Nos sentamos en su cama y empecé a relatarte lo que me había contado mi madre. No pude reprimir unos sollozos, tampoco enfadarme con él.
Mike puso un mechón ondulado detrás de mi oreja.
―¿Y cómo te sientes? ―inquirió cauteloso.
Al principio me sorprendió la pregunta, ¿alguien se había preocupado alguna vez por preguntarme cómo me sentía? Creía que no.
―Pues triste y... frustrada. Y también... enfadada. ―Apreté los puños de pura rabia―. Mario tendría que haberme contado la verdad. Tendría que haberme dicho que se avecinaba una tormenta del tamaño de Asia y no haberme mantenido en la ignorancia.
―¿Crees que habría servido de algo que lo supieras antes?

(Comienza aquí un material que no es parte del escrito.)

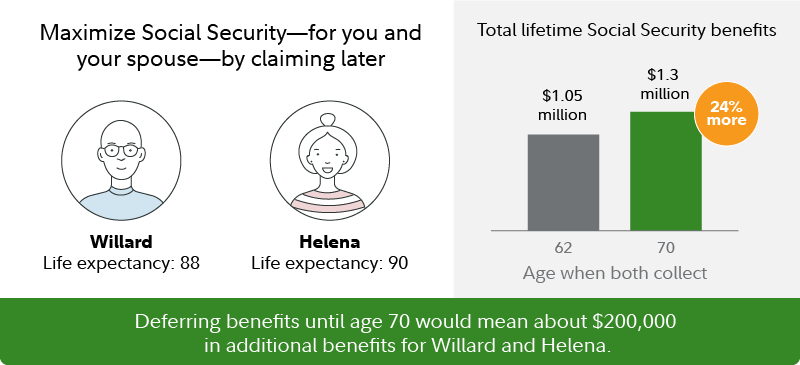 This chart explains potential benefits of claiming Social Security later in life.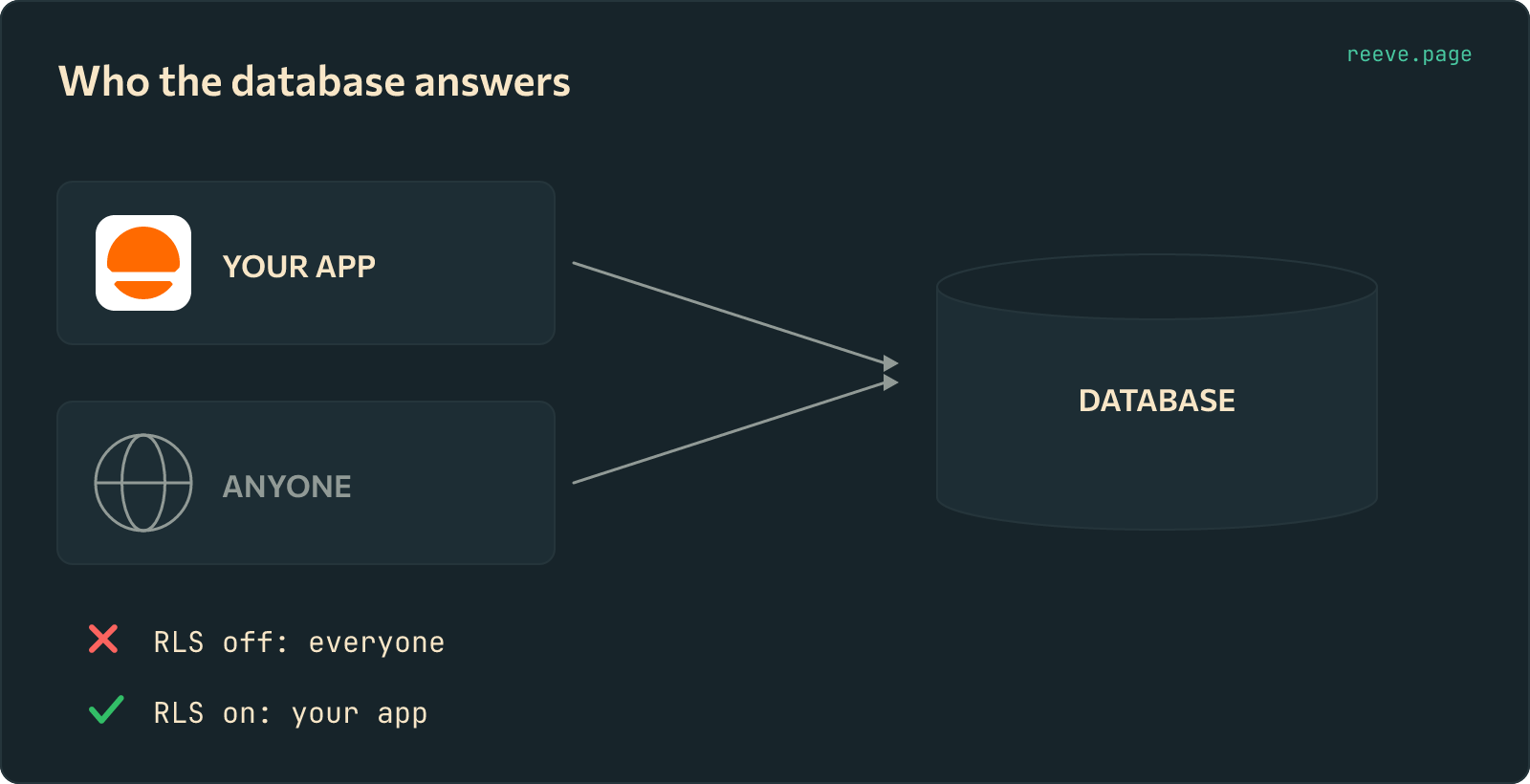 A Base44-built app and an anonymous visitor drawn with arrows pointing at the same database cylinder. Below, two outcomes: with RLS off everyone is answered, with RLS on only your app is.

Me quedé pensando en sus palabras, sin saber qué responder. ¿Lo hubiera hecho?
―Sí, me habría hecho a la idea.
Mike alzó las cejas.
―¿De verdad crees eso?
Me levanté de la cama, un tanto exasperada.
―Si. No... Bueno, yo qué sé. Supongo que nunca se está preparado para que tu familia se vaya a la mierda, pero... ―Me revolví el pelo, incapaz de darle una respuesta lógica―. Oye, ¿tú de qué lado estás? Mi madre se ha ido sin decir nada, mi padre actúa como si nada y mi hermano... se ha borrado del mapa. Tengo derecho a estar como cabreada y a reivindicar mis pensamientos sobre ello. Soy una víctima colateral en toda regla.
Mike me cogió de la mano y me atrajo hacia él, que seguía sentado sobre la cama.
Reticente, intenté soltarme, pero él apretó cariñosamente sobre mis dedos.
―Estoy de tu lado, Nonni. ―Tiró un poco de mí y me encontré cara a cara con él, atrapada entre sus piernas―. Amor ―me llamó al ver que aún seguía de morros.
Para mi desgracia, su apelativo hizo que toda mi oposición se quedara en el olvido.
―No me llames así... ―dije más tranquila, poniendo mi mano libre en su hombro. En esta posición, yo de pie y él sentado, la que le sacaba una cabeza era yo.
Desde abajo, sus ojos me contemplaron inquietos.
―Si no te gusta, no lo haré.
Entrelacé los dedos detrás de su cabeza mientras él ponía sus manos en mis caderas.
―No es por eso. ―Mike me contempló, a la expectativa de que añadiera algo más―. Si me llamas así, no tengo manera de seguir enfadada con el mundo. Haces que mi corazoncito se ablande como un peluche.
Mike sonrió risueño.
―¿Tengo ese poder? Caray.
Negué con la cabeza.
―No debería habértelo confesado. ―Intenté separarme de él, pero me lo impidió de nuevo. De nuevo, me tomó de la mano y se la llevó hasta el pecho.
―Mira, ¿qué sientes? ―preguntó, presionando sus dedos sobre los míos.
Esa pregunta debía de tener trampa, porque solo era capaz de concentrarme en el magnetismo que desprendía su mano sobre la mía. Un segundo después entendí lo que quería decirme. El ritmo de su latido estaba ligeramente aumentado.
―¿Lo notas? Siempre que estoy cerca de ti se me acelera el corazón. ―Me deleité unos momentos más con aquel contacto balsámico antes de apartar la palma de su pecho―. Y sé que el tuyo se encuentra magullado, y te duele. Ojala pudiera sanar todas tus heridas ―me dijo totalmente en serio―. Yo te apoyaré, en el caso de que tengas que decidir, sea lo que sea que elijas. Pero me gustaría que miraras todo un poco en retrospectiva. Si yo fuera tu hermano, también intentaría mantenerte a salvo.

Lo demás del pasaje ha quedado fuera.